London’s Heathrow International Airport is about an hour away by car; contact the Smith24 team to arrange your transfer.
Trains from London, Manchester and other major UK cities regularly pull into Oxford’s train station, a five-minute drive or 10-minute walk from the hotel.
On-site secure valet parking is available for guests who pre-book. Prices start at £48 a day and includes parking from 2pm on the day of arrival until noon the next day.
Worth getting out of bed for
Curious (and curiouser) types will tumble out of bed and down the dramatic central staircase to pack in a payload of college campuses and museums. A first port of call might be the Ashmolean, just opposite the hotel, which happens to be the world’s oldest museum (and is free to enter). If you prefer two wheels, borrow a bicycle for free from the Randolph and go further afield – perhaps to the laid-back neighbourhood of Jericho. The Covered Market’s cloistered walkways are lined with artisan shops and cafés; while those in the pursuit of punting will love the Cherwell Boathouse, where you can punt before pudding – or put away pudding before punting – at the adjoining restaurant.
The Perch is a perfect summer pub (or any season, really, as long as you have a beer blanket) with beautiful grounds bordering the riverside. The Fishes can be found among acres of wooded grounds, serving seasonal food and fine wine with a focus on – you guessed it – seafood; but also braised beef and ale pies, roast chicken supreme and Moroccan-spiced aubergine.
You’ll notice Missing Bean’s colourful cups in the hands of locals wandering the streets – and for good reason. Get a latte and a loaf (the bread is locally produced and probably better than your lockdown sourdough) from their Turl Street café. Alternatively, pull up a chair in the alcoves of the dog-friendly Coffeesmith café, or bask in the sun of its cobbled courtyard tucked away from the main streets of the city.
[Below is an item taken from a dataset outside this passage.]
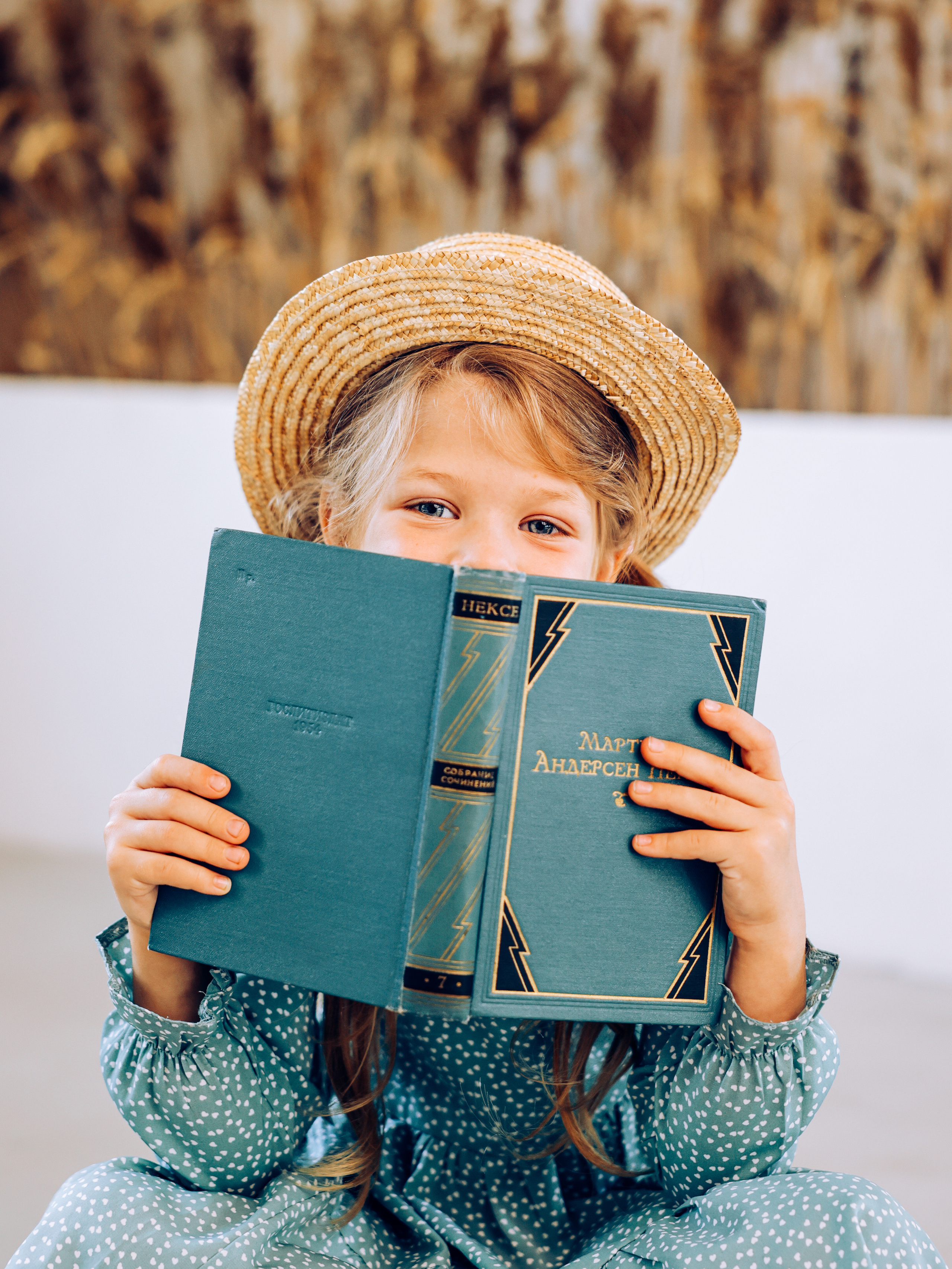 Ксения, Сергей и Арина. Фотограф Анастасия Косюра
Varsity Club TVC is an Oxford staple, with four levels of unparalleled views over the city; stellar espresso martinis make Sandy’s piano bar a lively spot for gigs that showcase local talent; and the Oxford wine café appeases Merlot and manchego lovers alike. Frevd is an out-out option for those with a degree in donning dresses and drinking G&Ts – a church-come-cocktail bar set among hauntingly high ceilings, stained glass windows and crumbling walls.
Every hotel featured is visited personally by members of our team, given the Smith seal of approval, and then anonymously reviewed. As soon as our reviewers have returned from this Victorian-era hotel in Oxford and unpacked their museum ticket stubs and turtlenecks, a full account of their punting-before-pudding break will be with you. In the meantime, to whet your wanderlust, here's a quick peek inside the Randolph in Oxford…
The spire-lined streets from Oxford’s train station to the Randolph pass by the Faculty of History, Magdalen Street (and, yes, a rather regal Wetherspoons). The hotel’s Gothic Victorian exteriors are mirrored in the rooms – which are generously sized despite their central city location, and with mod-con bathrooms set up for pre- and post-exploring pampers.
The walls are home to the artworks of cartoonist Osbert Lancaster, and nods to Oxford’s alumni are scattered throughout the hotel – be it portraits of Colin Dexter in the Morse bar or bedside lamp shades depicting Lewis Carroll’s Alice and the rabbit. A notebook and an hour in the snug before dinner might instil artistic inspiration; equally, a pint at the bar is said to have incited those more editorially-inclined.